Data records:
- Opening Delimiter -
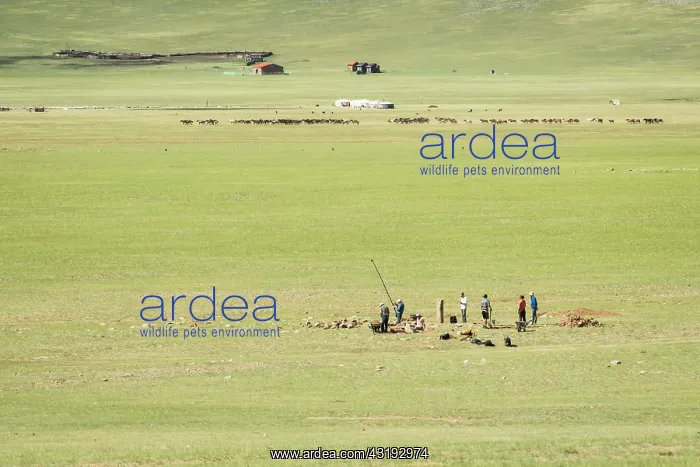 : Archaeological excavations, Valley High Tamer - : Archaeological excavations, Valley High Tamer -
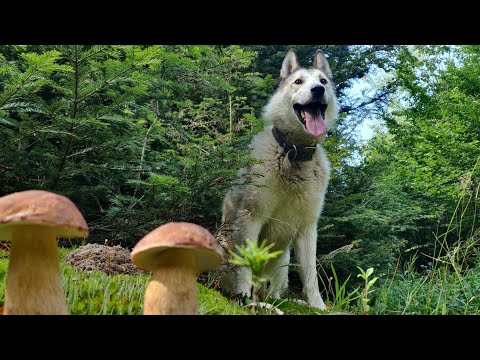 Видео: 5 серпня ГРИБИ ростуть як на ГРЯДКАХ, хоч бери тачку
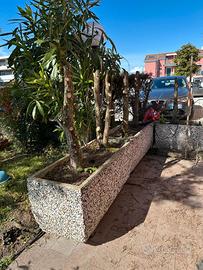 FIORAIE IN GHIAINO LAVATO 100X40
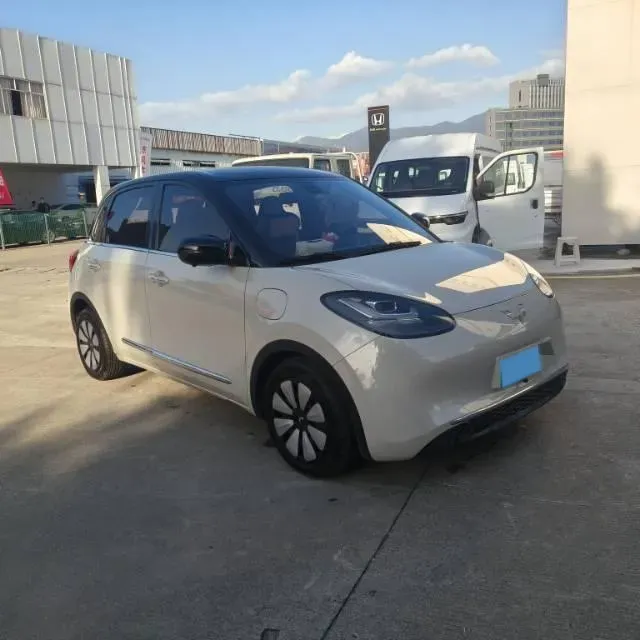 2023 WuLing BinGuo BEV 31.9KWH,autocango,china used car exporter,china ev exporter,chinese used car exporter,chinese used ev exporter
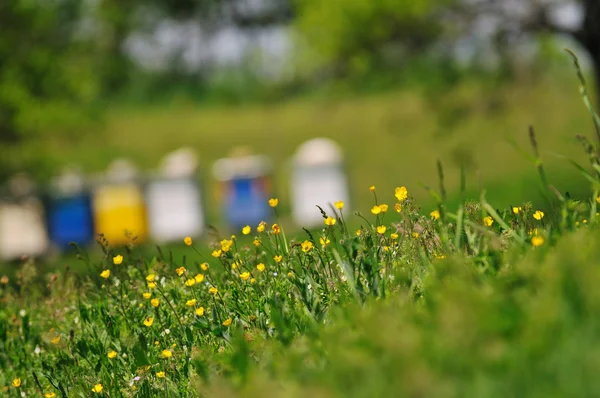Bee home at meadow — Stock Photo, Image
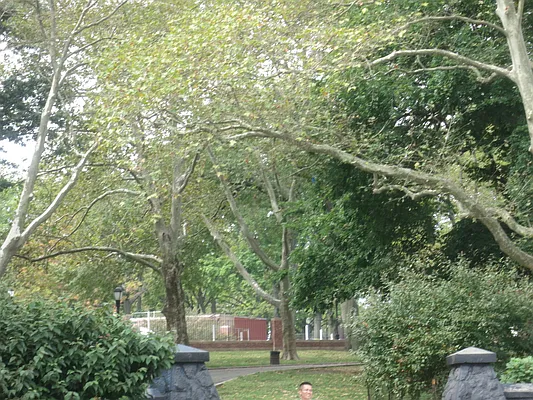 Sold by Velsor Realty | media 8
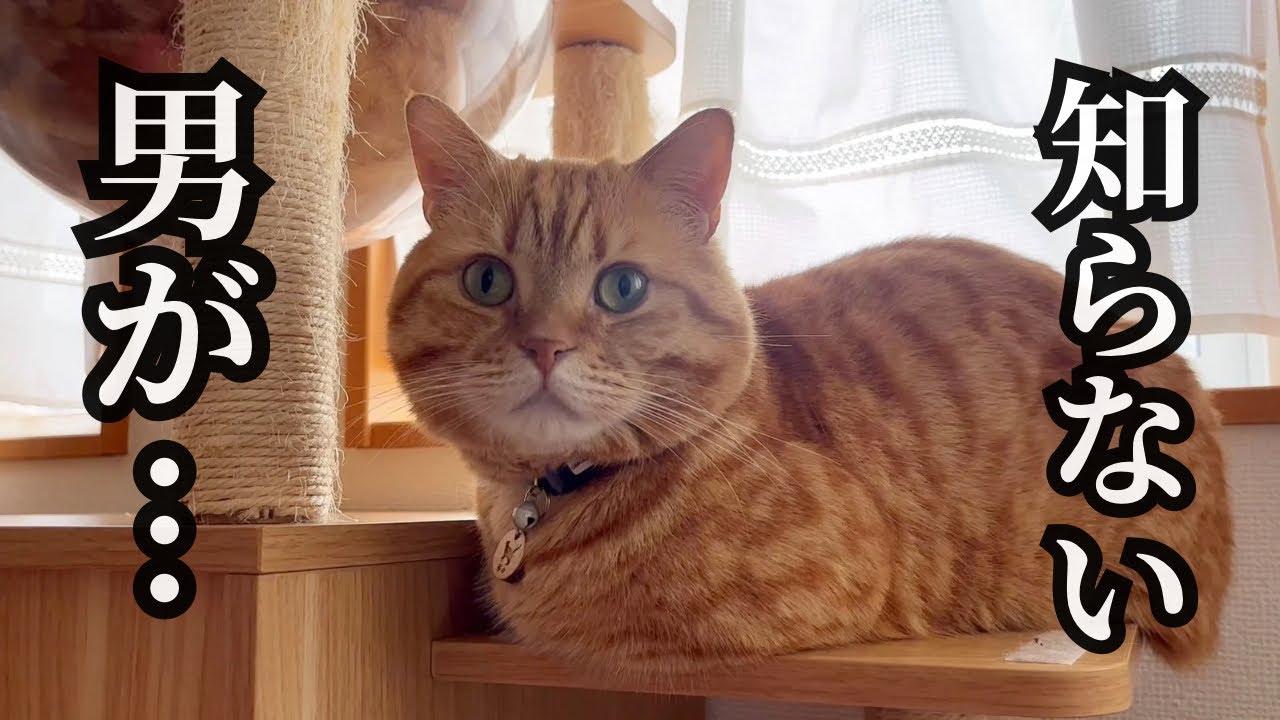 『ママが知らない男とふたりきりで... 』 #猫 #マンチカン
- Closing Delimiter -
• **Task details**
Only the lines from the one with "Видео: 5 серпня" through the last line of the records above are wanted, copied exactly and with pictures omitted.

• **Your response**
 Видео: 5 серпня ГРИБИ ростуть як на ГРЯДКАХ, хоч бери тачку
 FIORAIE IN GHIAINO LAVATO 100X40
 2023 WuLing BinGuo BEV 31.9KWH,autocango,china used car exporter,china ev exporter,chinese used car exporter,chinese used ev exporter
Bee home at meadow — Stock Photo, Image
 Sold by Velsor Realty | media 8
 『ママが知らない男とふたりきりで... 』 #猫 #マンチカン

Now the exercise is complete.